Firenze: Colli Fiorentini, il Chianti di città

Firenze: Colli Fiorentini, il Chianti di città

DSCN2428di Nadia Fondelli – In una serata novembrina che già ammicca dalle vetrine al prossimo Natale arriva in centro città, a Firenze, il vino che più è legato ad essa. Il Chianti Colli Fiorentini ha origini antiche e lunga tradizione. Era il vino per la città, quello che le nobili famiglie producevano nelle colline dei dintorni dove avevano le loro tenute e case di caccia.

Un vino genuino e puro che ha accompagnato personaggi celebri nei loro viaggi per il mondo e che è servito ad arruffianarsi potenti, papi ed imperatori.
Mille aneddoti e tante storie fra leggenda e realtà avrebbe da raccontare il Consorzio del Chianti Colli Fiorentini che celebra i suoi primi 20 anni.
Un Consorzio poco più che maggiorenne per una tradizione antica e una denominazione riconosciuta e delimitata fin dal 1932. Quasi un contrasto questo, ma sicuramente un’esigenza precisa nata quando il vino è uscito dalla vigna per trasferirsi sulle scrivanie degli uomini marketing.

Si usciva da anni bui.

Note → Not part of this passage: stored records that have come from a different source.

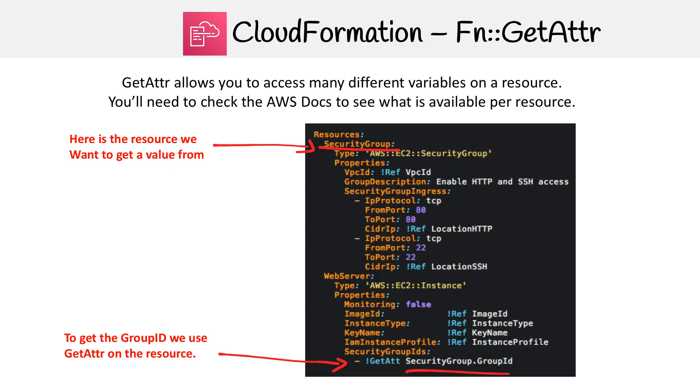So here, we're taking a look at get attribute. This allows you to access many different variables on a resource. Sometimes there's lots, sometimes there's very few. But again, you'll have to check the AWS docs to see what's available per resource.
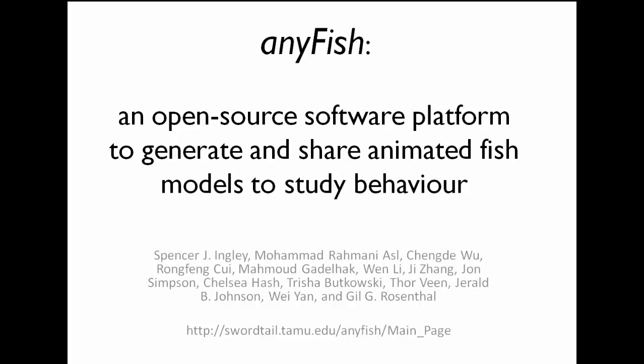This is Spencer Ingle on behalf of the AnyFish Development Team, here to tell you about our forthcoming paper describing AnyFish.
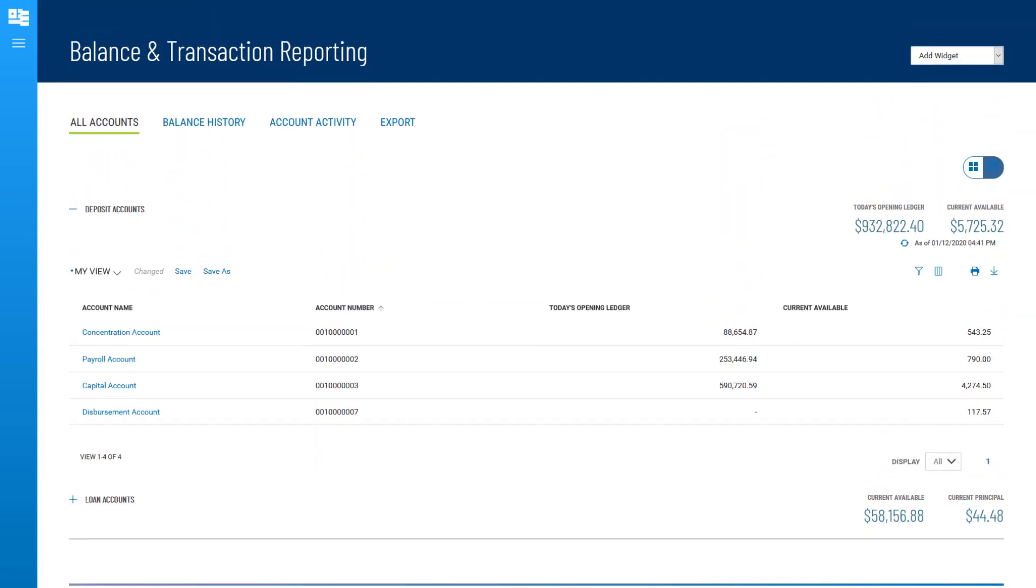This Account Summary widget is the main widget, pinned to this workspace. It does not have a gear icon, so it cannot be moved, resized, or deleted.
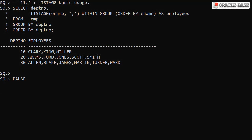Here we see the basic usage of the LISTAGG analytic function. We want to display a comma-separated list of employees for each department. We select the department number, which is also included in the GROUP BY to define our group.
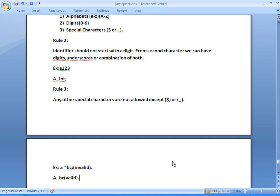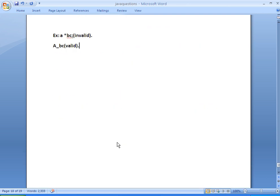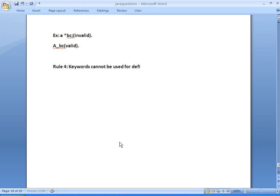Rule 4: we cannot use keywords as an identifier. As we have seen in the previous tutorial, keywords have a special meaning and they perform a special task. Whenever a compiler encounters these keywords, it performs a special task, so don't use keywords for defining identifiers.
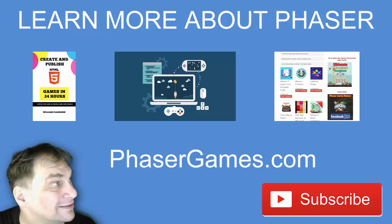If you'd like to learn more about Phaser, including my eBooks, Skillshare and Udemy courses, and tons of Phaser freebies, go to phasergames.com or click the link below in the description. And don't forget to subscribe.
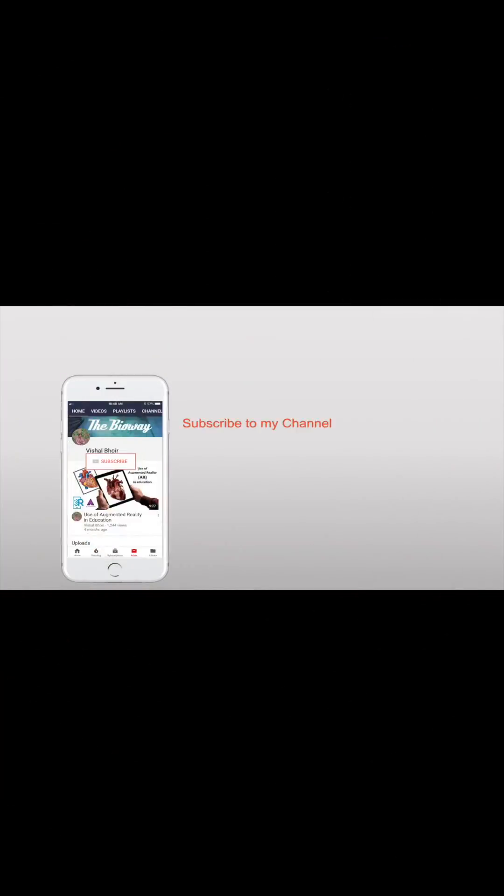Subscribe to my YouTube channel, The Bio Way, on YouTube, and press the bell icon so that you will never miss another update from my channel. Thank you.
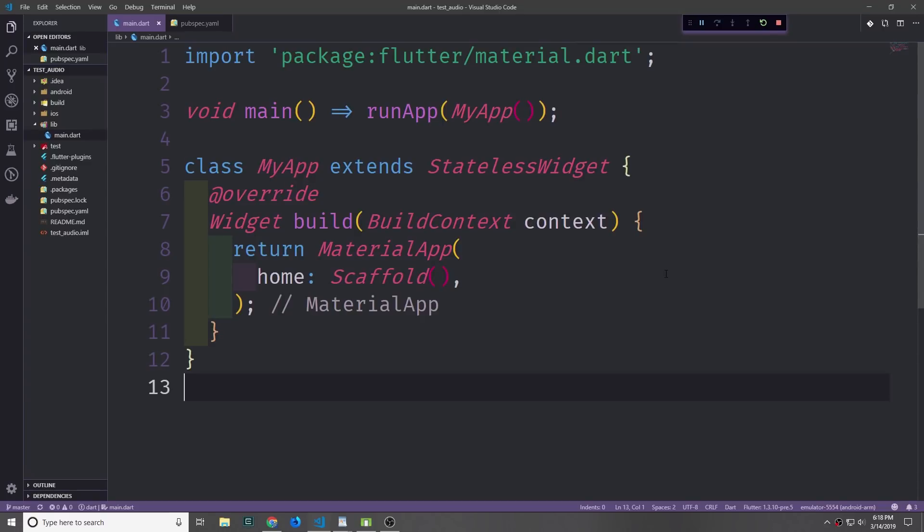Hi guys, my name is Tensor. Today we're going to be building a speech-to-text recognizer application in Flutter. Let's jump right into this.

C’era stata la fuga dalle campagne dove solo pochi impavidi avevano resistito e recentissimo era lo scandalo del metanolo.
Da quelle ceneri forse la spinta decisiva per quella che si può definire la rinascita o moderna viticoltura. Il vino è diventato altro. E’ cambiato tutto: impianti, vigneti, sistemi di lavorazione, tecnologie, vinificazioni, etc…

E’ diventato soprattutto un must, un simbolo stesso dell’Italia, uno status symbol, un qualcosa da sfoggiare e regalare.

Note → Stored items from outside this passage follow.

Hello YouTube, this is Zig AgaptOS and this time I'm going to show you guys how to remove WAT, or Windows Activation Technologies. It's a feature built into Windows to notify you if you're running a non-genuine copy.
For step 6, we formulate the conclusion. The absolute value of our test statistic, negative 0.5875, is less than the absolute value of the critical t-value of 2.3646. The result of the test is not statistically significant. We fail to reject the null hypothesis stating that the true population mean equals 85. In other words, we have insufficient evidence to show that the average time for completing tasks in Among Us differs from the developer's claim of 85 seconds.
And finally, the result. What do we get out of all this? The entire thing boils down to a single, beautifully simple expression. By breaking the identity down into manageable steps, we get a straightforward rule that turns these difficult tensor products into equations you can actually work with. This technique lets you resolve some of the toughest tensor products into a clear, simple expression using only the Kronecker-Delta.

Una lunga introduzione necessaria per raccontare la serata speciale in cui il Consorzio ha festeggiato i suoi vent’anni portando in degustazione a un selezionato pubblico di professionisti e appassionati dell’assaggio questi anni di storia.

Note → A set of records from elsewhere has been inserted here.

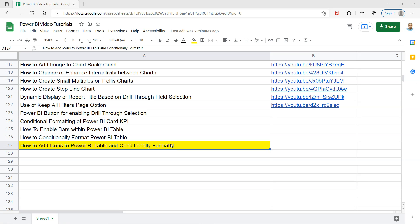Adding icons to a Power BI table will increase its interpretability in terms of whether the value is in alignment with the rules that you are setting. For example, high value is green, if it is under certain threshold then it is yellow, or if it is below the threshold then it is low.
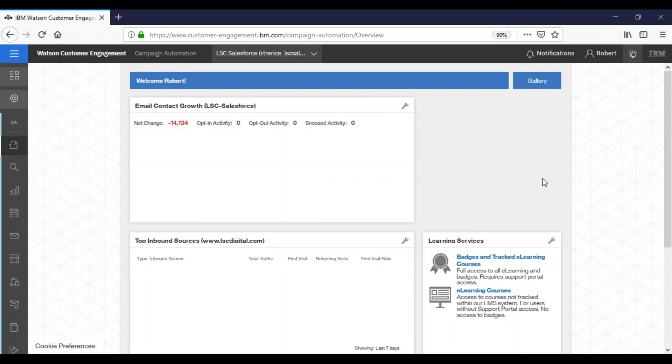Welcome, I am Bob from LSC Digital and today we're going to go over how to import and then update a database.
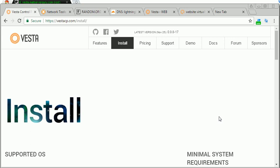Hello everyone, welcome to MailServerGuru.com. Today we will see how to install Vesta CP control panel on Ubuntu 16.04 LTS version. Before starting installation, we better check our system's IP, hostname, and our server live from the Internet.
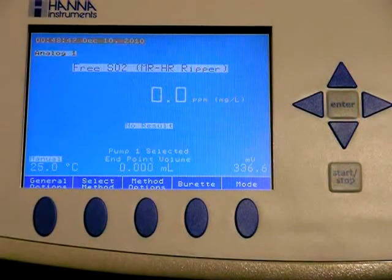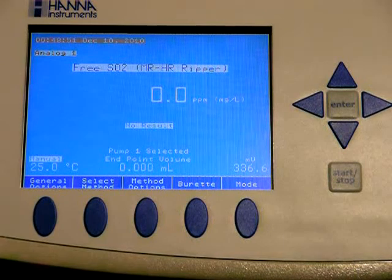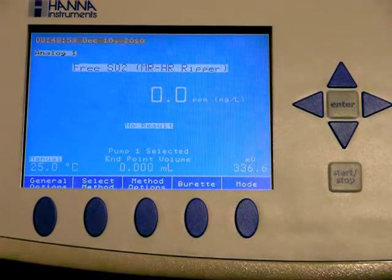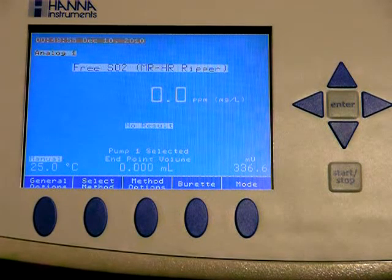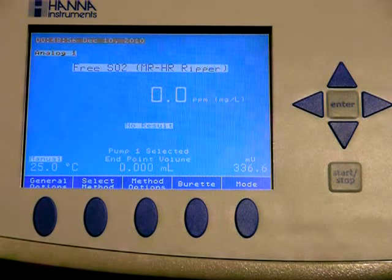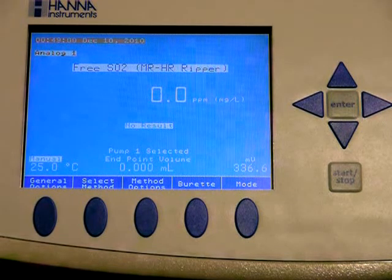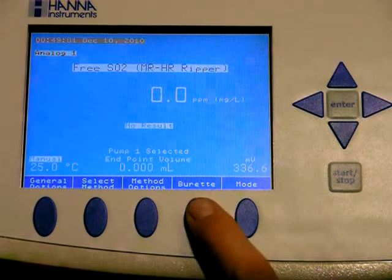Welcome back to Hanna Wine Labs. I'm going to go over the pump and burette feature on the 902C Auto-Titrator. When you're in titrator mode, one of the soft keys will be for the burette.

Un’esperienza degustativa affascinante che si è aperta con la chicca di un vino d’annata del 1987 e si è conclusa con una riserva 2007.
Fra questi due estremi il cambiamento totale di un mondo, quello vinicolo che da artigianale è diventato industriale per usare termini forse impropri, ma efficaci nella loro esagerazione.
L’evoluzione di una storia in bicchiere, una ricerca d’identità e di personalità prima timida, poi cercata ed infine trova e saputa gestire.
Un Consorzio vincente oggi che ha saputo creare una sua personalità seppure nella diversità di un territorio comprendente moltissimi comuni con caratteristiche diversissime come terreno, posizione, altitudine.

Un vino maturo ed equilibrato che si mantiene molto toscano, con profumi freschi e tannini equilibrati dove il Sangiovese fa da padrone (ovviamente) senza però schiacciare gli altri vitigni, tutti autoctoni, che lo compongono.

Un vino dove (finalmente) si sente il vino e non il legno dove l’omologazione ancora non c’è, nella speranza che le leggi di mercato  che oggi ci fanno assaggiare nel bicchiere alcune similitudini non finiscano nel tempo per diventare schiaccianti.